Directions. Once the pictures are set aside, repeat all of the data below exactly.

[Records excerpted from a collection]
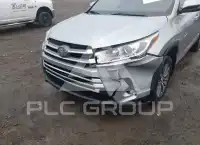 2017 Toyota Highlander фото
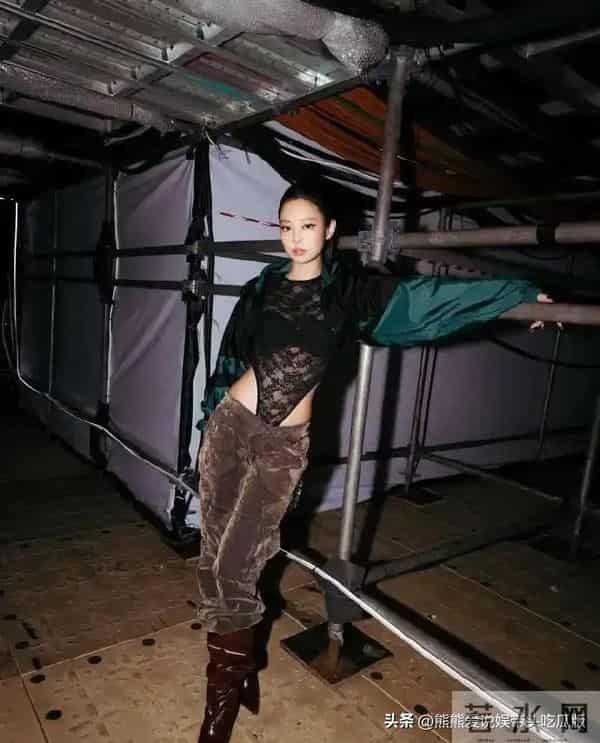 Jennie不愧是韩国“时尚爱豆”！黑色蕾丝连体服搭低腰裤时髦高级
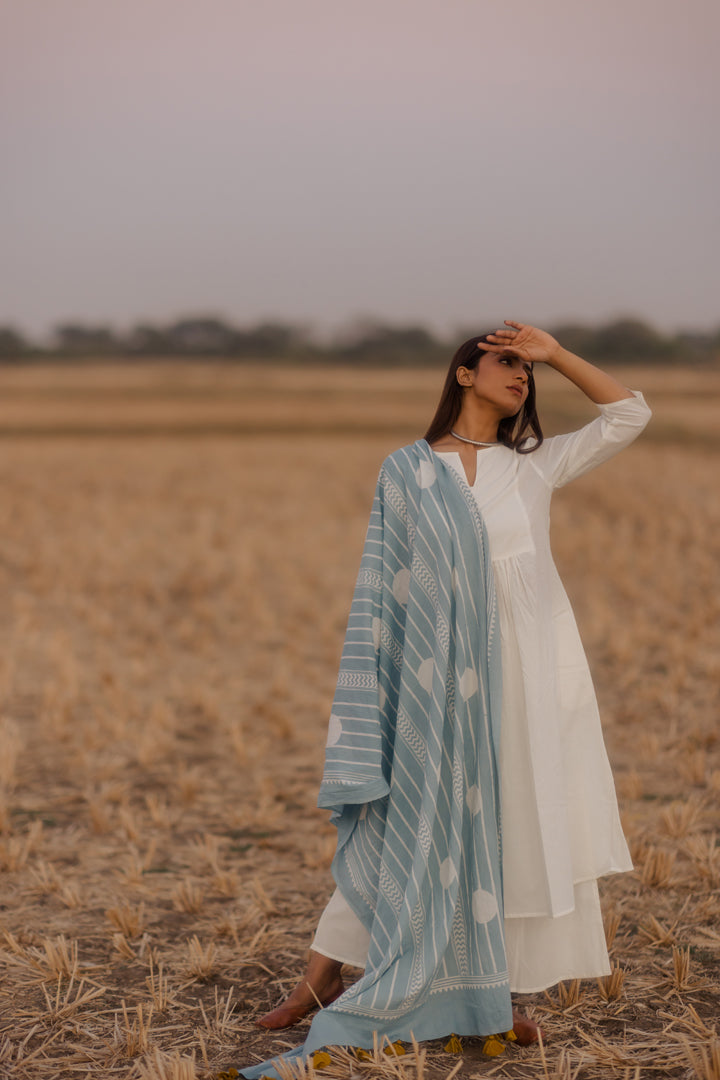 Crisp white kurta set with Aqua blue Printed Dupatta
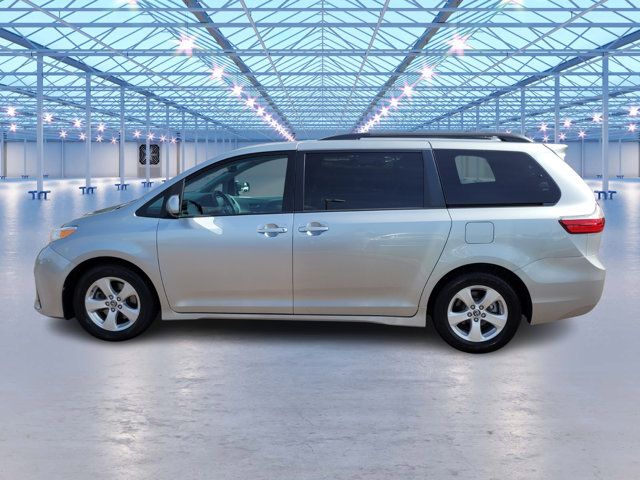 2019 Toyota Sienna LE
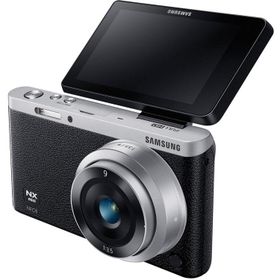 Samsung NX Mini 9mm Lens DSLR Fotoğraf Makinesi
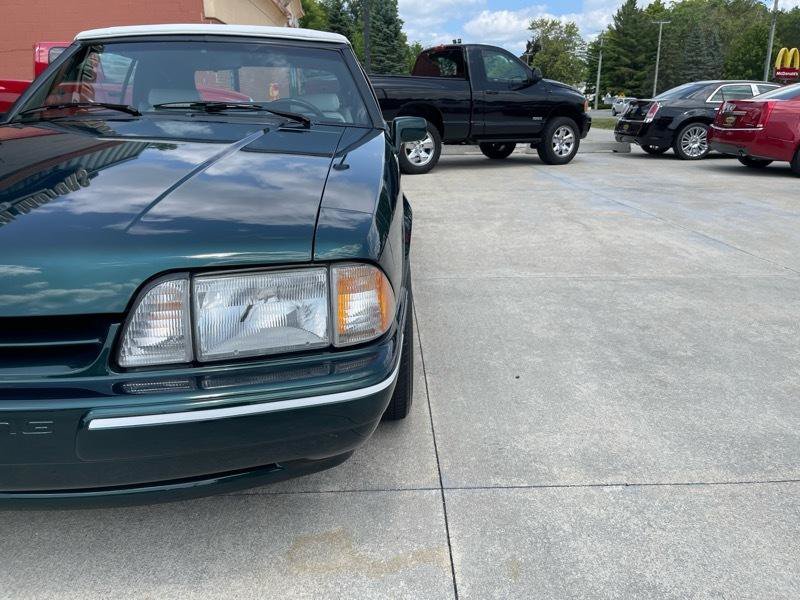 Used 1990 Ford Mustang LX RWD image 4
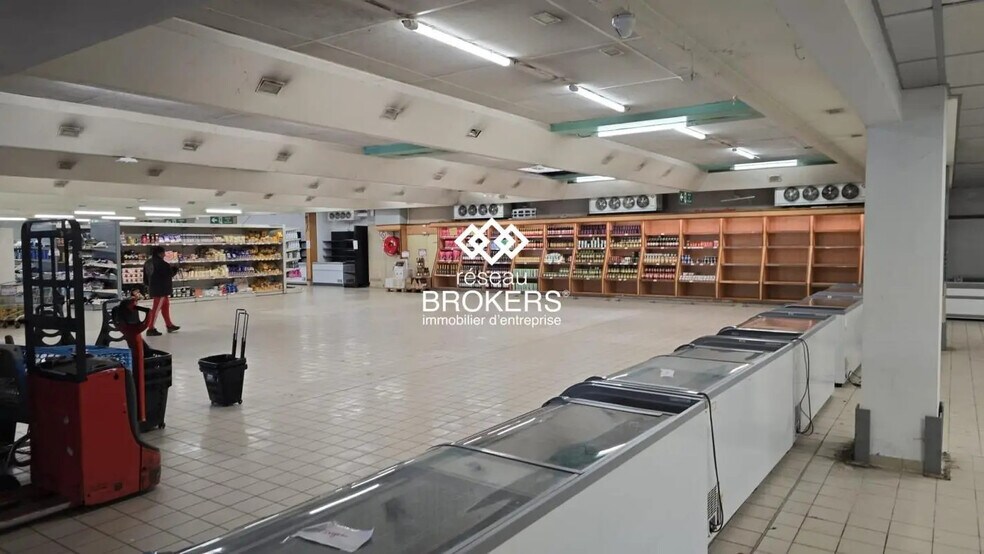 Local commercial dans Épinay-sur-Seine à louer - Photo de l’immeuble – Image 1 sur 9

Reply to the exercise.
 2017 Toyota Highlander фото
 Jennie不愧是韩国“时尚爱豆”！黑色蕾丝连体服搭低腰裤时髦高级
 Crisp white kurta set with Aqua blue Printed Dupatta
 2019 Toyota Sienna LE
 Samsung NX Mini 9mm Lens DSLR Fotoğraf Makinesi
 Used 1990 Ford Mustang LX RWD image 4
 Local commercial dans Épinay-sur-Seine à louer - Photo de l’immeuble – Image 1 sur 9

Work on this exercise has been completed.